Hip-hop isn’t the first art form that I have fallen out of love with, I once was a poet. Poetry was everything to an angsty teenager like me, I went to slam competitions (never competed because I was too shy) and watched every episode of Def Jam Poetry that I could rip off of YouTube, (which hadn’t figured out copy written material quite yet). But hip-hop feels different. I wrote, listened to and lived poetry to put words to complicated feelings that I didn’t have a vocabulary for, so I crafted metaphors and similes. As my vocabulary grew, my need for poetry lessened. In some form of cosmic resolution (I promise this is still about music so I put in a music allusion) the last poem I wrote was my wedding vows, after a million poems about not finding romantic love and being misunderstood as a teen. I had found my vocabulary. But hip-hop is different. I still need it.
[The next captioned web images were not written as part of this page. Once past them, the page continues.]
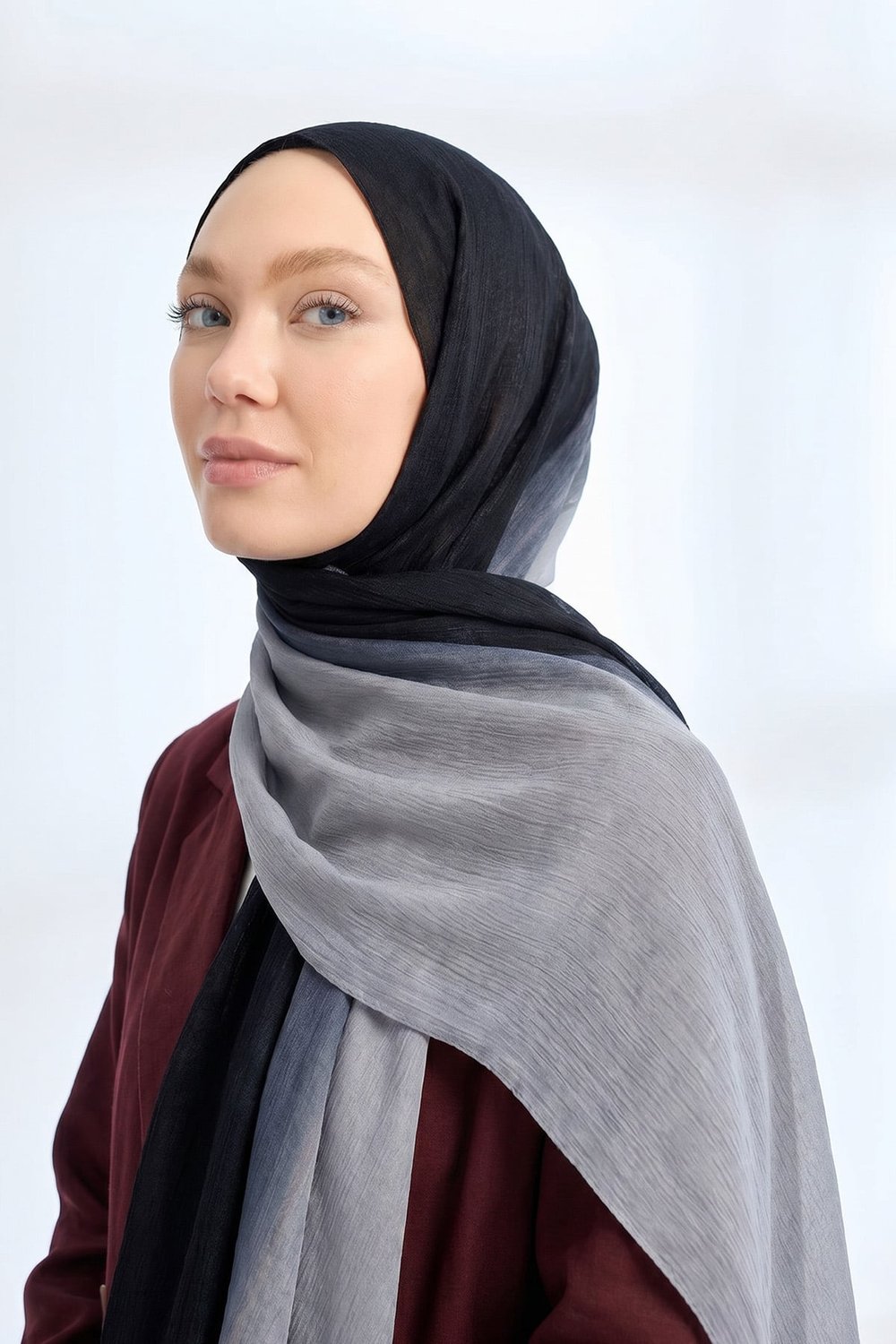  PURE COMFORT VİSKOZ ŞAL - SİYAH - GRİ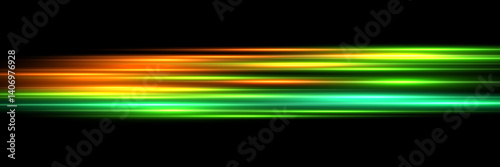 Speed light background. Color neon spark rays on black. Futuristic shiny pattern with bright red and green flares on dark. Modern technology vector illustration.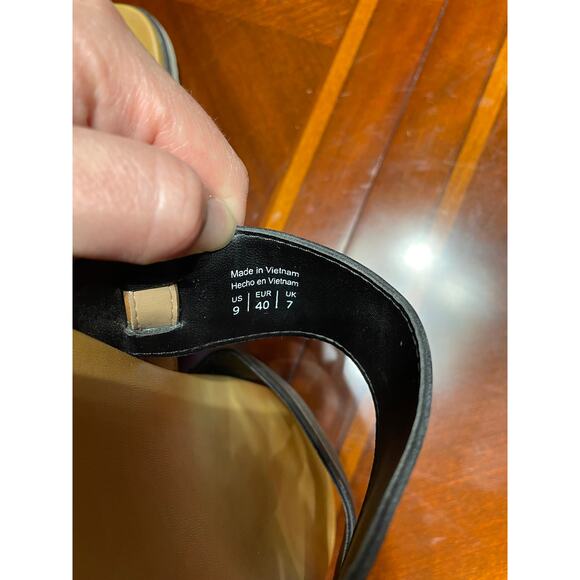 Call it Spring Women Sz 9 Sandals DoubleStrap Vegan Ankle Strap Buckle Black Tan - Picture 6 of 9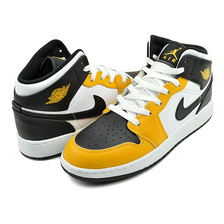 NIKE AIR JORDAN 1 MID (GS) yellow ochre/black-white DQ8423-701画像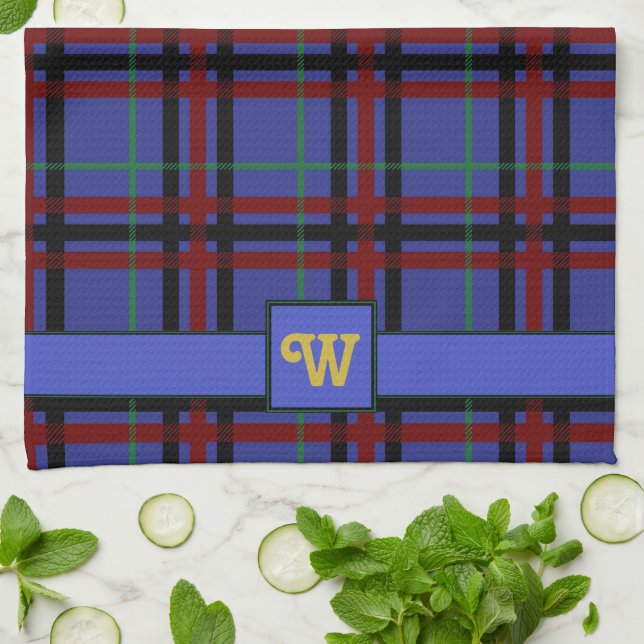 Jewel-Toned Plaid Kitchen Towel (Folded)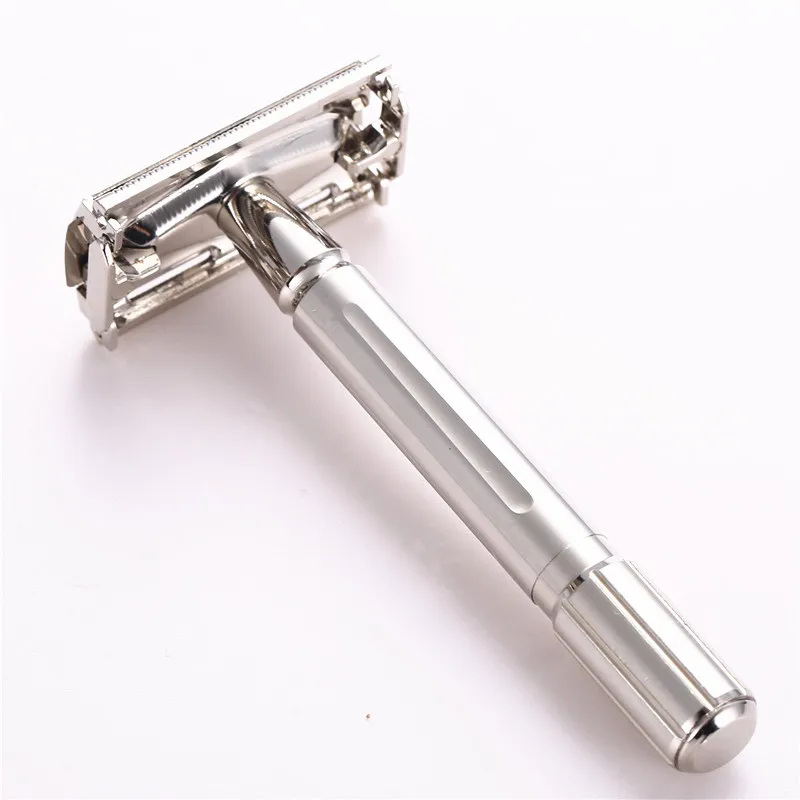 Neue Sicherheit Razor Männer Rasieren Doppel Kanten Rasierer Metall Griff Hand Austauschbare Klinge Rasierer Mit Reise Box 1 Klinge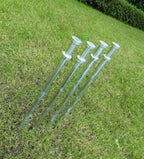 Double Head Tent Stakes - Heavy Duty 1045 Steel Heat-Treated Ground Spikes, Forged Geometric Sharp Tips for Stronger Hold, 0.79”(20mm) Diameter, 4-Pack (24 in)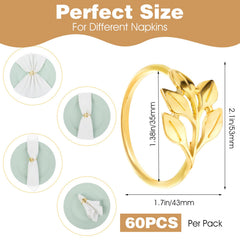 60 piece leaf napkin ring set gold color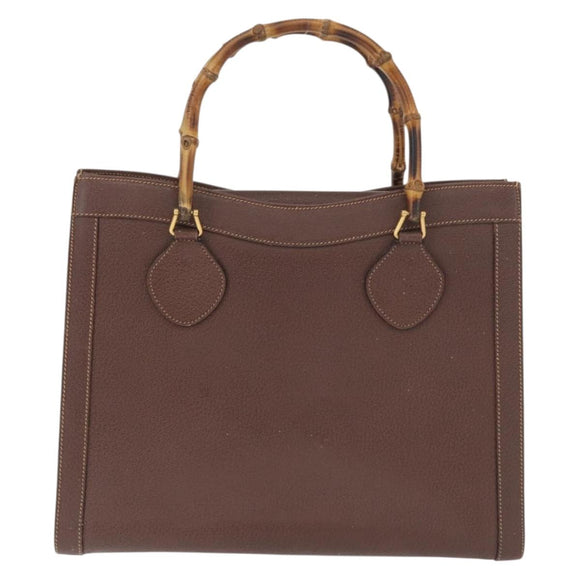 GUCCI Bamboo Tote Bag Leather Brown Gold 002 0260 2615 Auth 179461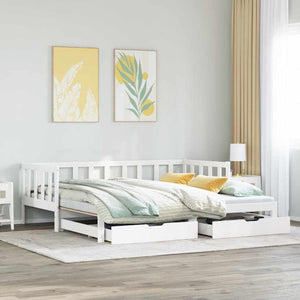 vidaXL Letto Estraibile con Cassetti senza Materasso Bianco 80x200 cm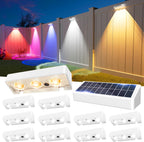 JOFIOS Solar Fence Lights Outdoor, 9 Fixed Colors ＆ Color Changing Fence Lights Solar Powered Waterproof IP65 Dusk-to-Dawn LED Deck Lighting for Patio, Railing, Pool, Porch, Backyard, Wall, 12 Pack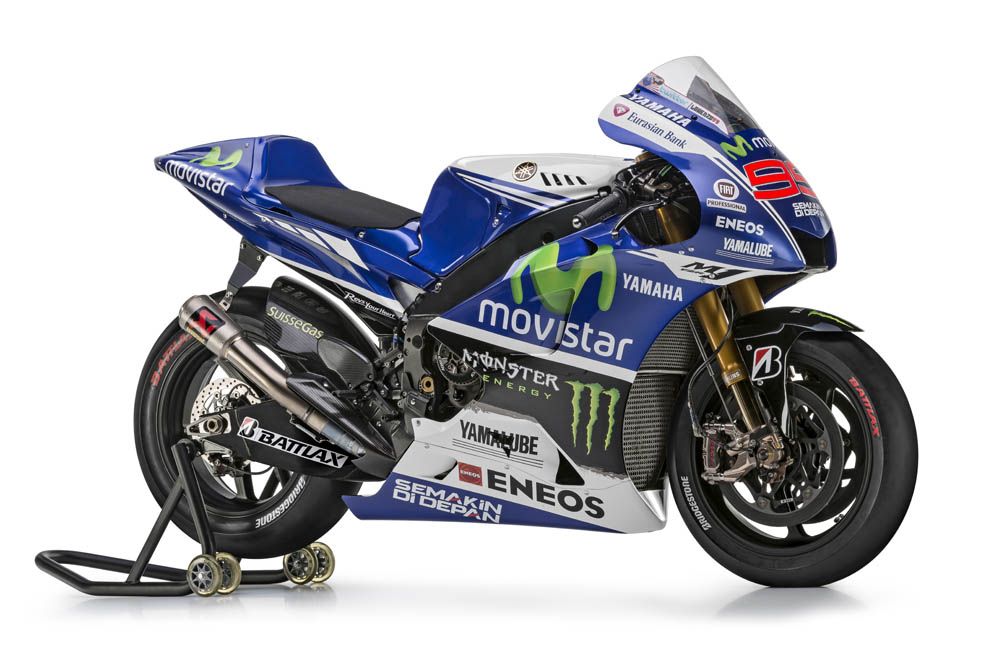 Las Yamaha de Lorenzo y Rossi con los colores de Movistar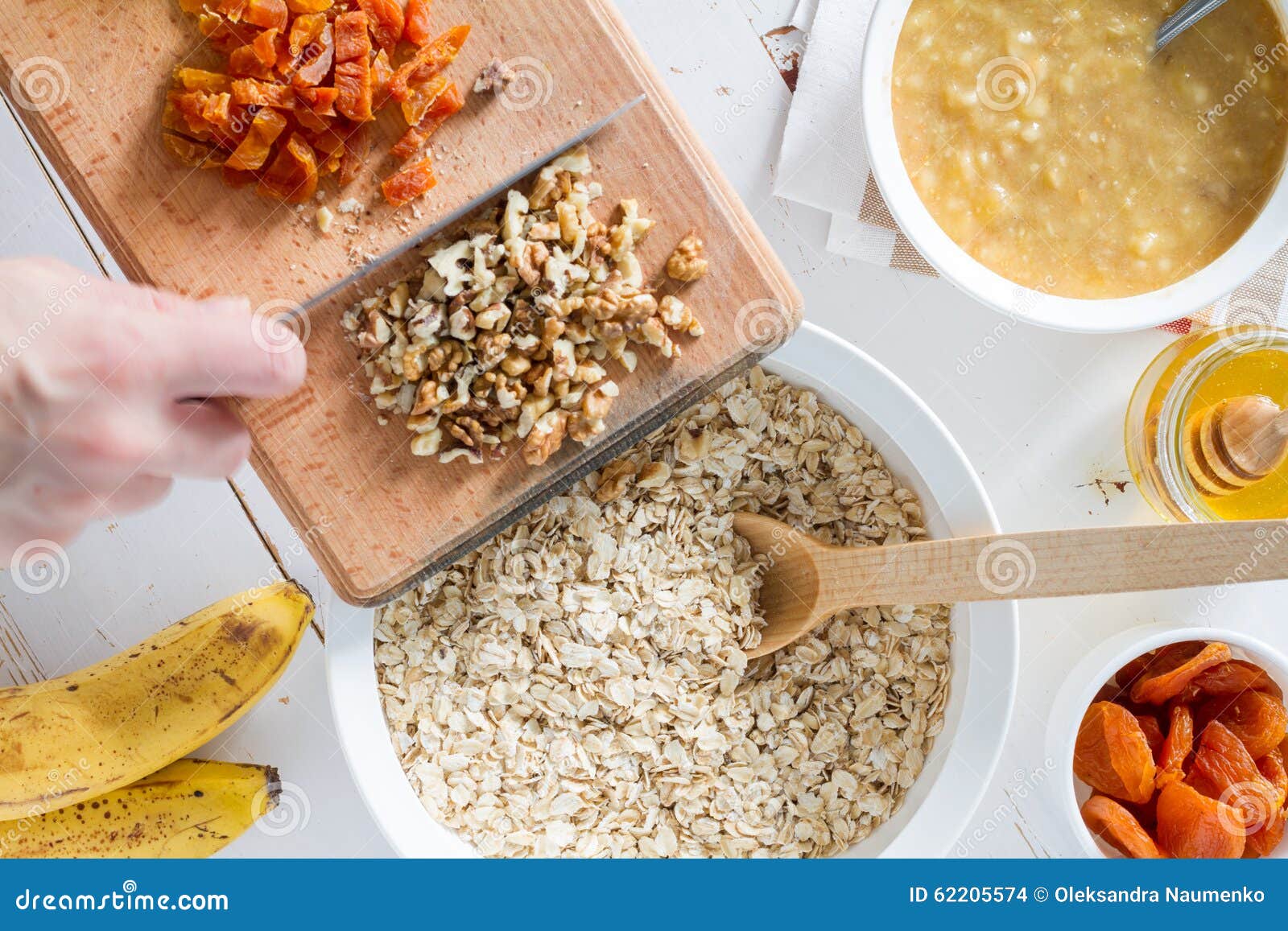 Granola Preparation, White Wood Background Stock Photo Image of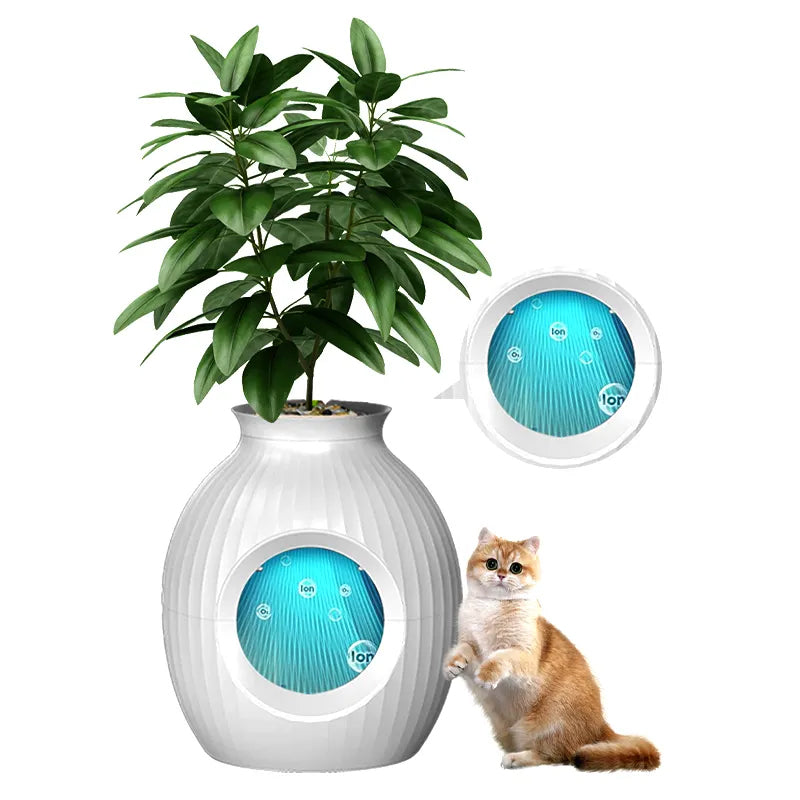 New Design Pet Furniture Hidden Cat Litter Box With Plant Pot Multi-Functional Pet Bed House For Cats And Puppy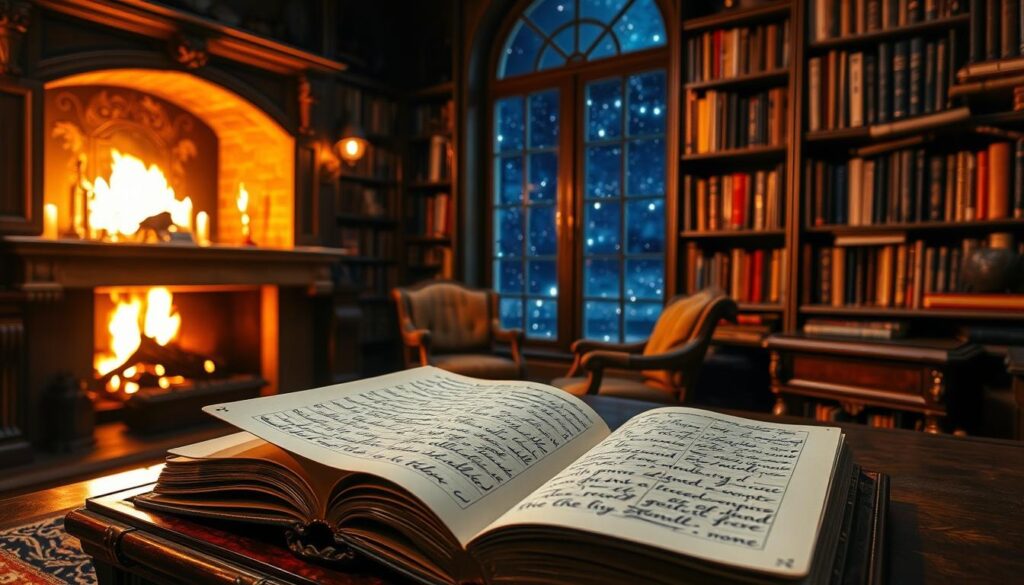 A cozy, dimly lit study with a warm glow from a crackling fireplace. In the foreground, an open leather-bound book rests on an ornate wooden desk, its pages filled with flowing cursive script and hand-drawn illustrations. Bookshelves line the walls, their shelves overflowing with tomes of various shapes and sizes, hinting at the wealth of stories within. Through a window in the background, a starry night sky is visible, suggesting the infinite possibilities of human imagination. The scene conveys a sense of timelessness, where the act of storytelling transcends the boundaries of technology, connecting people across generations and cultures.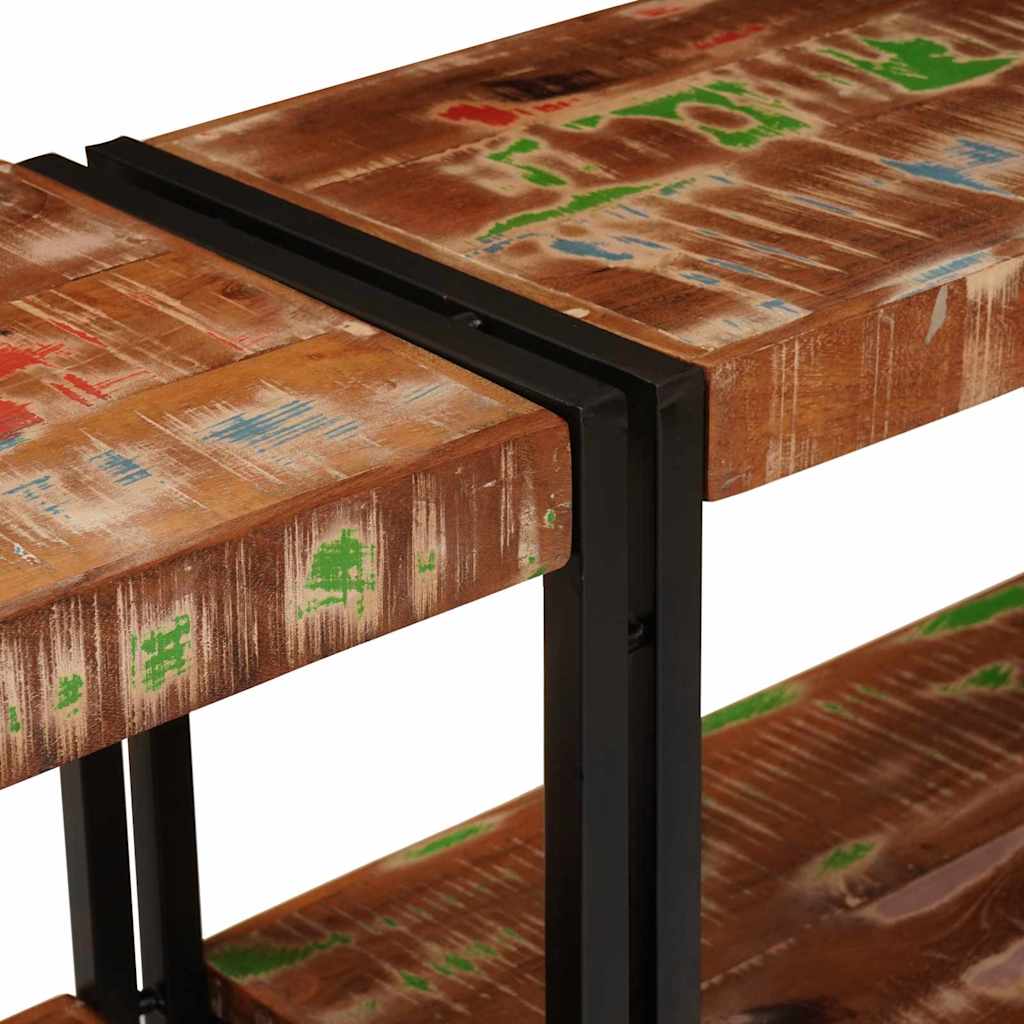 Konsolentisch mit Regal Mehrfarbig Massives upgecyceltes Holz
I still need the wisdom that is unique to this genre: the ancient philosopher and Nobel Laureate Gucci Mane once said “If you ain’t got no sauce then you lost, but you can also get lost in the sauce.” I had finally attained that sauce in becoming a successful attorney, but I was becoming lost in corporate America. In 2020, while the world was shut down and forced to take a break due to an epidemic, I started a blog which felt like the final step of years of being a hip hop head, getting in countless online and barbershop debates about top 5 dead or alive, Kanye’s antics, or whether the term “Femcee” was appropriate. I had things to say. But as the world opened back up, in my experience Corporate America had awakened from its nap more invigorated than ever. 2021 is the busiest I have ever been as an attorney and Work Me had only glimpses of what was happening in the hip-hop world. Those glimpses weren’t enough to force an opinion out of me. After 1 quarter in 2020 as the hip hop blogger I had always wanted to be, I now had nothing to say. What would 16 year old me, reading every comment on hotnewhiphop think about the person he had become, as I replaced the art form that metaphorically fed me and helped define who I was, with SEC comment letters and NVCA form documents? I honestly don’t know.
To be honest I am still struggling with this, but I am making a commitment to myself through hip-hop to preserve who I am. I am still reading those SEC comment letters, but I might have an air pod in listening to Wale’s new album (ya’ll see how apple and Wale are at he beginning and end of this? I might still be a poet lowkey). So sorry, I wish I could re-answer Sanaa Lathan’s question with a date or definitive moment this year (3k’s verse on Life of the Party is VERY CLOSE), but I truly can’t. I am still on a journey of re-discovery and while hip-hop is a step forward, I have a lot of Alex to find. Ultimately, this year I have been less focused on the “falling” and more focused on the “loving”, not only hip hop, but myself.